Today being Labor Day, it is appropriate we think about issues dealing with labor and laboring. During the epidemic we forced literally millions out of the workforce, temporarily.
What apparently nobody expected was that substantial numbers of them would decide they preferred not working. They learned how to assemble enough government and familial transfer payments to survive, perhaps learned to be okay with the trade off of having more leisure and less money and “things,”
Now the epidemic has eased, but much-larger-than-expected numbers of people formerly doing low-level jobs decided not to look for work. They didn’t die, haven’t emigrated, are still here but not working.

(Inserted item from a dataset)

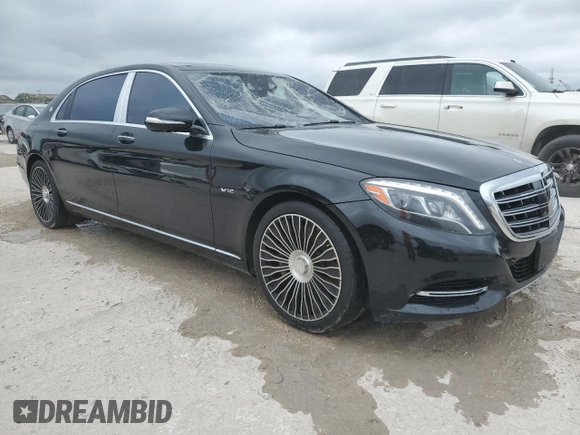2016 Mercedes-Benz S with VIN WDDUX7GB0GA149841, listed as a Copart auction lot 46060465 with 78,810 mi miles and Salvage Title. Bid and sale history available at DreamBid. Image 4.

Some substantial number were close to retirement age and one way or another found a way to afford to retire. Some further number decided to homeschool their kids, and are households that have only one wage earner where they previously had two. And a bunch are working age people not in school, living in their parents’ basement or equivalent.

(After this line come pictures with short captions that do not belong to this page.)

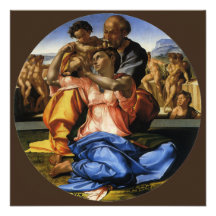 Doni Tondo ou Doni Madonna par Michaël Angelo Invitation Personnalisable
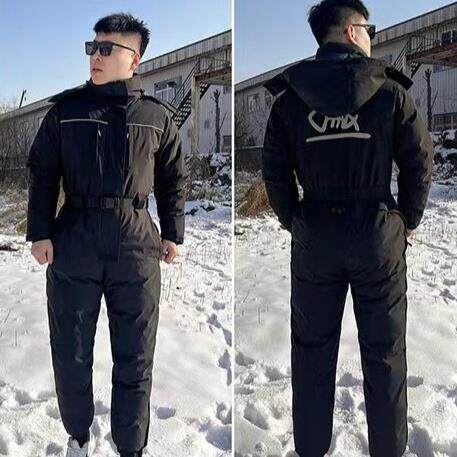 2025新款连体服冰钓棉服,骑行棉服,钓鱼服冷库棉服防寒服防水加厚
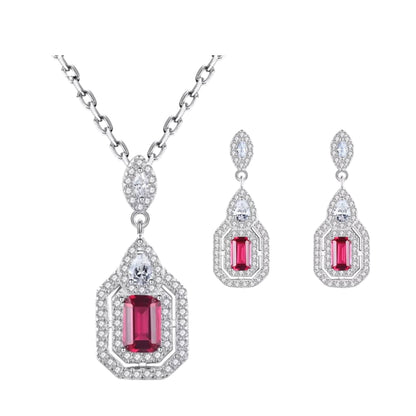 Set din Argint Red Eclipse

One of the learnings probably was that when the large cost of childcare is no longer a budget item, a household can live with quite a bit less income. We know the number of homeschooled children has risen.

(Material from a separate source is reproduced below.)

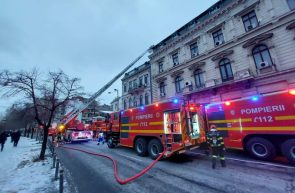 incendiu hotel Bucuresti - foto Stirile ProTV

If you look at the Bureau of Labor Statistics chart, something similar if less dramatic started during the 2008 recession and gradually continued until the epidemic when we sent a lot of people home and they’ve been slow to return.
Maybe it is an aspect of a post-industrial society? If you put enough food banks, housing assistance, disability assistance and WIC assistance in place, some number of people who would otherwise drag their tired, perhaps unhealthy bodies to uninteresting work will find it possible to not go, and will stay home.